I just did a profiling, it most certainly still does the pod scan.

I'm hesitant to remove things from t/ppm.t because it actually does test the HTML functionality. t/install.t and t/manifypods.t were just calling it frivolously without verifying anything.

I see. I'm not sure it makes sense to do that on a perl that wouldn't do HTML, but then again this may be one of those tests that would be well off not to run on most end-users installs in the first place, like @miyagawa suggested in the OP.

kentfredric commented 11 years ago

Just did the test run again with a built copy of master, no appreciable speed difference for either the sequential or parallel passes.

https://gist.github.com/kentfredric/5664662

As @leont suggested, the speedup in install.t is made up for by a slowdown in ppm.t

though it seems par.t is unaffected, as you'll see in the parallel run, par.t finishes long before ppm.t does.

kenahoo commented 11 years ago

@Leont What I had in mind was to find a way to disable the full-disk pod scan in Pod::HTML, which would let us have our cake (faster tests) & eat it too (keep testing HTML doc building).

kentfredric commented 11 years ago

Indeed, I feel like Pod::HTML doing a full disk scan is a bug in itself, and is probably just waiting for a security flaw to occur as a result. I mean, if perldoc could have security issues just reading the pod for one file, by extension, loading all the files in your perl install is just asking for problems.

Leont commented 11 years ago

Indeed, I feel like Pod::HTML doing a full disk scan is a bug in itself, and is probably just waiting for a security flaw to occur as a result.

It's doing a "laborous" scan, I suspect that turning that off would already help a lot. It's not quite clear to me if anything would break on doing so though.

kenahoo commented 11 years ago

I'm sure we could at least turn it off during the tests. I don't see any stuff in the tests that checks to see whether hyperlinks actually worked.

On Tue, May 28, 2013 at 7:55 PM, Leon Timmermans notifications@github.comwrote:

Indeed, I feel like Pod::HTML doing a full disk scan is a bug in itself, and is probably just waiting for a security flaw to occur as a result.

It's doing a so called laborous scan, I suspect that turning that off would already help a lot. It's not quite clear to me if anything would break on doing so though.
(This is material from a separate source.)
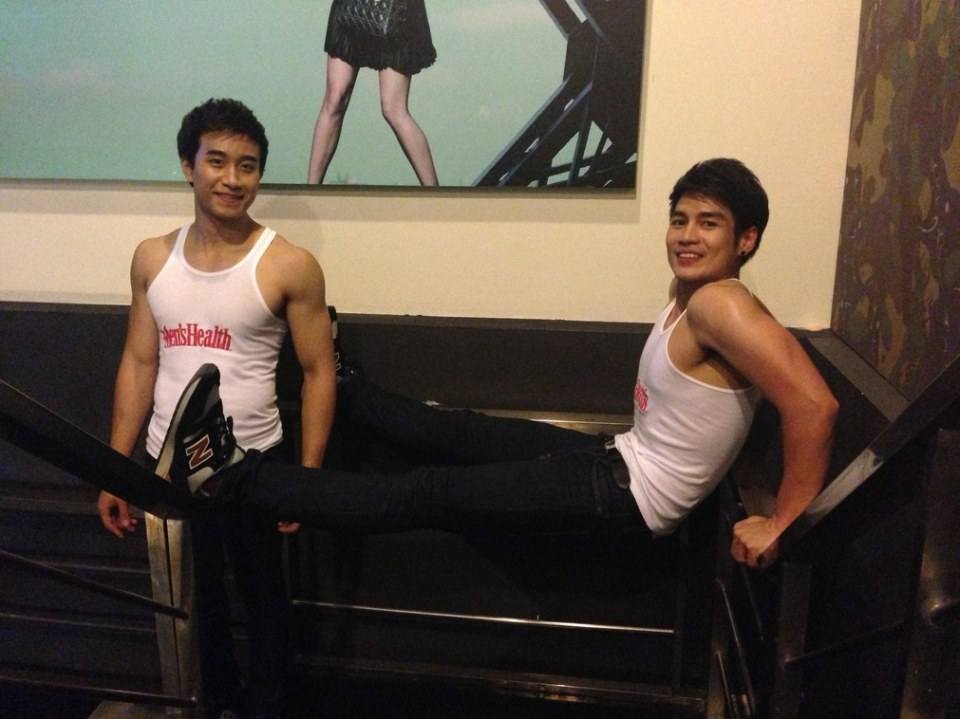 รูปหล่อกล้ามหย่ายยยใครสักคน 10 คนนี้เลือกใครดี??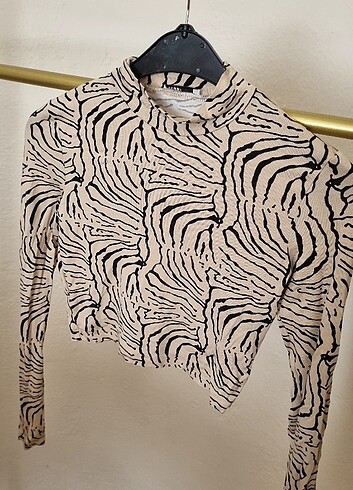 s Beden Crop Bluz, Zebra Model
— Reply to this email directly or view it on GitHubhttps://github.com/Perl-Toolchain-Gang/Module-Build/issues/13#issuecomment-18589845 .

kentfredric commented 11 years ago

I was wondering why my reading of the docs for Pod::HTML were a bit lacklustre, ... I should have been reading Pod::Html. FML

miyagawa commented 9 years ago

Sorry if this sounds a bit rude, but this is becoming a lot bigger issue now that Module::Build is deprecated. I've heard from several people at QAH that cpanm's initial installation takes so much time on 5.20 or later, because cpanm pulls the CPAN version whenever they encounter a dist that uses Build.PL.

In the past I added a bootstrap mechanism to install Module::Build with notest flag, and I consider doing this again by forcing notest if the installation target is Module::Build.

Please make the test faster on an end user environment by turning off unnecessary tests.

Leont commented 9 years ago

Two observations:

t/compat.t (which tests Module::Build::Compat) is single-handedly responsible for almost a third of the total runtime. In my opinion his is not in proportional to the importance of the functionality. Likewise a number of other slow tests have such issues on a smaller scale (e.g. ppm.t)

Secondly:

It seems all slow tests use Distgen (t/lib/Distgen.pm) to do Build.PL cycles

is still true. There is no reason to go through a full build cycle to test for each candidate tilde expansion, that is madness. A lot of tests could be rewritten to be significantly faster. We are currently writing unit tests as integration tests (slow), which is really not helping us.

davidbuzz commented 8 years ago

Files=53, Tests=1129, 3519 wallclock secs ( 8.06 usr 1.72 sys + 1485.43 cusr 235.95 csys = 1731.16 CPU) not good enough.

Leont commented 8 years ago

not good enough.

Patches most welcome!